Hass experiments with italics and lists for emphasis, such as in the following asyndeton: “After a while I understood that/talking this way, everything dissolves: justice, pine, hair, woman, you and I.” In this example, Hass suggests that the italicized words live outside of the poem in a conceptual realm, distinguished by its abstraction of the definitive. These lines hence have a dissolving effect. Being only one stanza, Hass’s poem establishes formal harmony with longer lines and sentences, often using enjambment to create a continuous flow of images drenched in significance. The speaker’s cascading thoughts are thus mirrored by the free verse style of the poem. In many instances, Hass’s poetry is distinguished by its jarring fusion of harsh and soft sounds:
…That the clown-
faced woodpecker probing the dead sculpted trunk
of that black birch is, by his presence,
some tragic falling off from a first world
of undivided light.
In these lines, Hass plays with alliteration and repetition, with phrases like “black birch” and “falling off from a first world.” The extended metaphor drawn in this passage relates the woodpecker to the loss of a primordial state of unification. The idea is that the particular details of the world—the behaviour of a woodpecker “probing the dead sculpted trunk”—undermines any generalized numinosity. In his precise deployment of language, Hass expounds upon the very limits of language in its capacity to capture essential feelings.
“Meditation at Lagunitas” is heavily rooted in its dissection of memory, and Hass’s gorgeously dense images paint panoramas of nostalgia. The following passage in particular demonstrates the poem’s mesmerizing stream of imagery:
I felt a violent wonder at her presence
like a thirst for salt, for my childhood river
with its island willows, silly music from the pleasure boat,
muddy places where we caught the little orange-silver fish
called pumpkinseed. It hardly had to do with her.
Longing, we say, because desire is full
of endless distances.
The rich details in this remembrance portray how places with sentimental significance cement themselves in our memories. The image of the “childhood river” suggests that although time is forever forward and fleeting, memories—those places along the way—can be eternal.

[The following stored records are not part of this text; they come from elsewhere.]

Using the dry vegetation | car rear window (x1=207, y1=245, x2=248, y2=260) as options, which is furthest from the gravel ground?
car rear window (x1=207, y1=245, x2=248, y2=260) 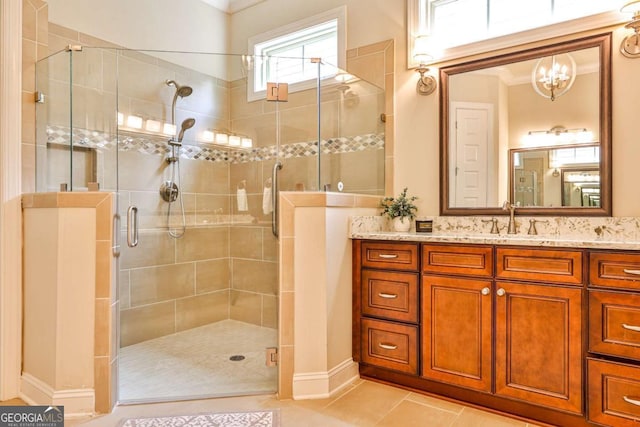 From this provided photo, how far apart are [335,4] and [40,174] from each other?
2.47m

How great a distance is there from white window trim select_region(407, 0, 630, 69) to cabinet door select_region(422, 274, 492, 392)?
1.51 meters

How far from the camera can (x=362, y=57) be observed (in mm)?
3002

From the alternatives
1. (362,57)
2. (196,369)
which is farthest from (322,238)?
(362,57)

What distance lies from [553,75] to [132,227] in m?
2.74

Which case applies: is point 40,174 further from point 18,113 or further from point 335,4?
point 335,4

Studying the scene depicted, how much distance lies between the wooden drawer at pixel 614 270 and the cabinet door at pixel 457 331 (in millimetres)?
457

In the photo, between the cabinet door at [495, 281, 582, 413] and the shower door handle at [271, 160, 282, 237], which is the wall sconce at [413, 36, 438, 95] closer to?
the shower door handle at [271, 160, 282, 237]

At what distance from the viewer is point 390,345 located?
90.0 inches

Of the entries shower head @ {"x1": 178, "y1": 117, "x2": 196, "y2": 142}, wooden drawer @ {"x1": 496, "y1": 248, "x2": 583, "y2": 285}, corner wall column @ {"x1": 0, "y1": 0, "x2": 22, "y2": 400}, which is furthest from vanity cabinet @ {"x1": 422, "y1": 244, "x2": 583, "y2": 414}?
corner wall column @ {"x1": 0, "y1": 0, "x2": 22, "y2": 400}

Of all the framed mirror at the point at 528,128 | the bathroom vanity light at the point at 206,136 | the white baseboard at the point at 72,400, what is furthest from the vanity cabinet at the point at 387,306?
the white baseboard at the point at 72,400

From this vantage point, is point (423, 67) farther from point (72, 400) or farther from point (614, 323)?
point (72, 400)

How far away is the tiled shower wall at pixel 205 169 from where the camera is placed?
8.05 ft

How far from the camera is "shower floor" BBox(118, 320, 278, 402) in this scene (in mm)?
2207

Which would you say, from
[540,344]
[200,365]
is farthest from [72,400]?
[540,344] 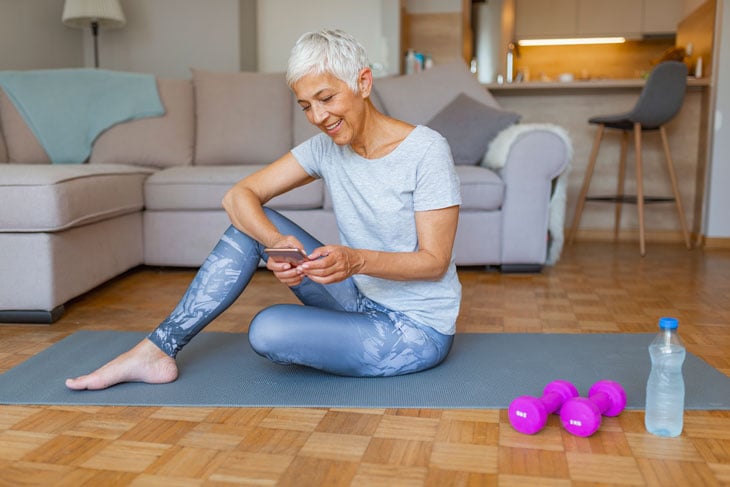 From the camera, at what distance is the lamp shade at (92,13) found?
436 cm

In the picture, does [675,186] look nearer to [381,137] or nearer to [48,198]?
[381,137]

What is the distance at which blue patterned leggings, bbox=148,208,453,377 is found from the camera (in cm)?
150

By following this flow of nostalgic images with the illuminating assertion, “desire is full / of endless distances,” Hass heightens the impact of this personal sentiment.

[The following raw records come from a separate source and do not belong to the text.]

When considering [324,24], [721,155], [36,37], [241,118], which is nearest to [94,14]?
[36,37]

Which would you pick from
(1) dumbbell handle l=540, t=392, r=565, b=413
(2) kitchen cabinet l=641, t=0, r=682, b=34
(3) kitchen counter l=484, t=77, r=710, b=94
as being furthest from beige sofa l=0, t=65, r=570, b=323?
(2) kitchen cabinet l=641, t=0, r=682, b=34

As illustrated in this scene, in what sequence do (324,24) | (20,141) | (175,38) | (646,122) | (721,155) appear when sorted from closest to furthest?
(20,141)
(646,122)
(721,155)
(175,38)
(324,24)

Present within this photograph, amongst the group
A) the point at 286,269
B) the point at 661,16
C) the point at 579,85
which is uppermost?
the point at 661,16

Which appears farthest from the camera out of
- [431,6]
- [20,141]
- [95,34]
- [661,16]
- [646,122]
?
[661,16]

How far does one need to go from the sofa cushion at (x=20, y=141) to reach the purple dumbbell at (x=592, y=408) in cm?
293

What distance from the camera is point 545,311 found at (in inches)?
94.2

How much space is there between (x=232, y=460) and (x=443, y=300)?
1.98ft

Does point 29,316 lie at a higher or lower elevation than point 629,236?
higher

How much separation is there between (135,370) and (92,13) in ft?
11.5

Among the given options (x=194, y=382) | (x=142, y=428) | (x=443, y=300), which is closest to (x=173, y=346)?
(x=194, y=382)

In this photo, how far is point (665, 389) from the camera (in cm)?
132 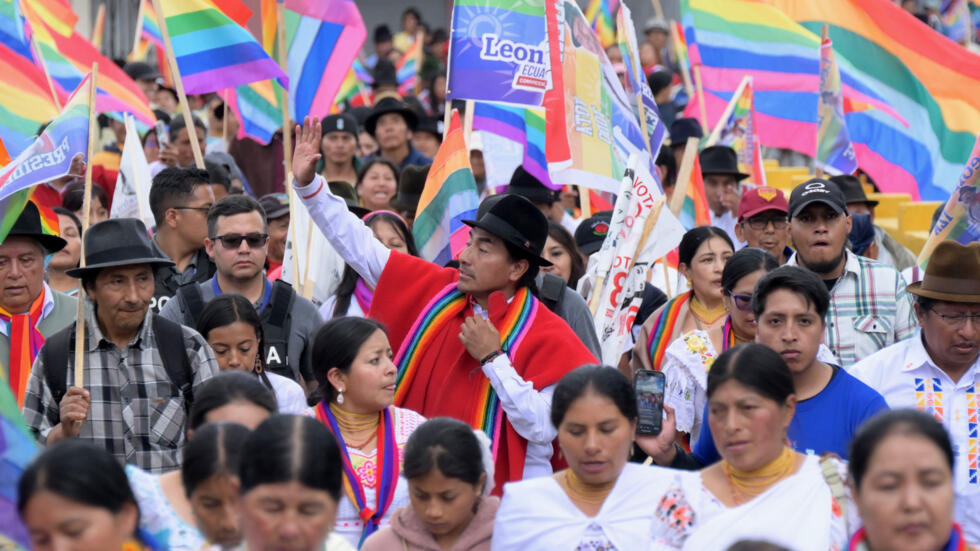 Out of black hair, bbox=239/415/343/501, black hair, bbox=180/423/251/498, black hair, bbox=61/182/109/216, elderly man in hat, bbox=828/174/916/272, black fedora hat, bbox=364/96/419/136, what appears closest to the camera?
black hair, bbox=239/415/343/501

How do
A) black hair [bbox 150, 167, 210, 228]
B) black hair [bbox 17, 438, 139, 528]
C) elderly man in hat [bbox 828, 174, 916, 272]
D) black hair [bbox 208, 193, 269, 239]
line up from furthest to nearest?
elderly man in hat [bbox 828, 174, 916, 272], black hair [bbox 150, 167, 210, 228], black hair [bbox 208, 193, 269, 239], black hair [bbox 17, 438, 139, 528]

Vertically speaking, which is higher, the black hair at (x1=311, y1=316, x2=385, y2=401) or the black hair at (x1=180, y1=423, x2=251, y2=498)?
the black hair at (x1=311, y1=316, x2=385, y2=401)

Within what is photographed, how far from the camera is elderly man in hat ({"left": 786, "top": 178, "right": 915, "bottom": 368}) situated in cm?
640

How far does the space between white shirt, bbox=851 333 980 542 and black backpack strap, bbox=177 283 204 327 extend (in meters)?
2.84

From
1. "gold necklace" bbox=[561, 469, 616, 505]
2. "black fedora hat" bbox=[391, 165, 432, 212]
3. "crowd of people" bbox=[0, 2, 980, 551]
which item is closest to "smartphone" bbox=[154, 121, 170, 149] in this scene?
"black fedora hat" bbox=[391, 165, 432, 212]

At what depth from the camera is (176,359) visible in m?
5.27

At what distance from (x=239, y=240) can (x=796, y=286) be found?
102 inches

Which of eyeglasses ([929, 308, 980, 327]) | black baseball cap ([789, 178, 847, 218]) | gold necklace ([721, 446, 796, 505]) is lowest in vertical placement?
gold necklace ([721, 446, 796, 505])

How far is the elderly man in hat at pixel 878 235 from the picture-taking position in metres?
9.24

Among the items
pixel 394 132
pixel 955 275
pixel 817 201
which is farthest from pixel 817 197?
pixel 394 132

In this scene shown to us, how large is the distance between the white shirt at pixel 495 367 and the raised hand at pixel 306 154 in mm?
36

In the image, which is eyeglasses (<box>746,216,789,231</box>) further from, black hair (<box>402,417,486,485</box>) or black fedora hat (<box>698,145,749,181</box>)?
black hair (<box>402,417,486,485</box>)

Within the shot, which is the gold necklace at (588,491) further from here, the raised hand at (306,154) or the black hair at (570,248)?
the black hair at (570,248)

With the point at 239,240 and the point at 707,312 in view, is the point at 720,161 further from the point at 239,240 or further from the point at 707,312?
the point at 239,240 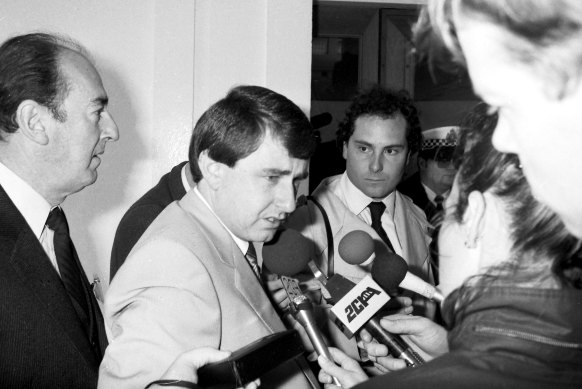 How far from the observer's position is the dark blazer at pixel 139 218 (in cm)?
151

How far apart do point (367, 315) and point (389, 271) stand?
15cm

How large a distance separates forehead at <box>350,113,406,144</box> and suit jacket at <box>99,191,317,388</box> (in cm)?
99

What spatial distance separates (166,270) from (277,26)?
63.0 inches

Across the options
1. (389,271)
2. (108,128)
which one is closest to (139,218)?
(108,128)

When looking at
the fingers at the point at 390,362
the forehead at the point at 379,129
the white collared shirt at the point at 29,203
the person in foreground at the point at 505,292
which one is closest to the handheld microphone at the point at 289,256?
the fingers at the point at 390,362

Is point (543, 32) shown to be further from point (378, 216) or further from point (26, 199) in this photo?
point (378, 216)

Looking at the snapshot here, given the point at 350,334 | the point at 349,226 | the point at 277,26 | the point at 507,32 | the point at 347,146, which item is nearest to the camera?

In contrast to the opening line of the poem, Hass closes with a more tranquil reflection: “There are moments when the body is as numinous / as words, days that are the good flesh continuing.” Poetry has its own flesh, distinguished in its powerful ability to illustrate memories—even if no words can fully capture a memory in full. In stating that “a word is elegy to what it signifies”—referring specifically to a blackberry—Hass suggests that the poetic impulse to name and delineate draws the mind further from its target. And yet it is a worthy act, for that very blackberry symbolizes the process of ripening. And in turn Hass’s meditative poem elucidates how poetry, as a timeless yet embodied force with its own “good flesh,” can have a replenishing influence on the soul.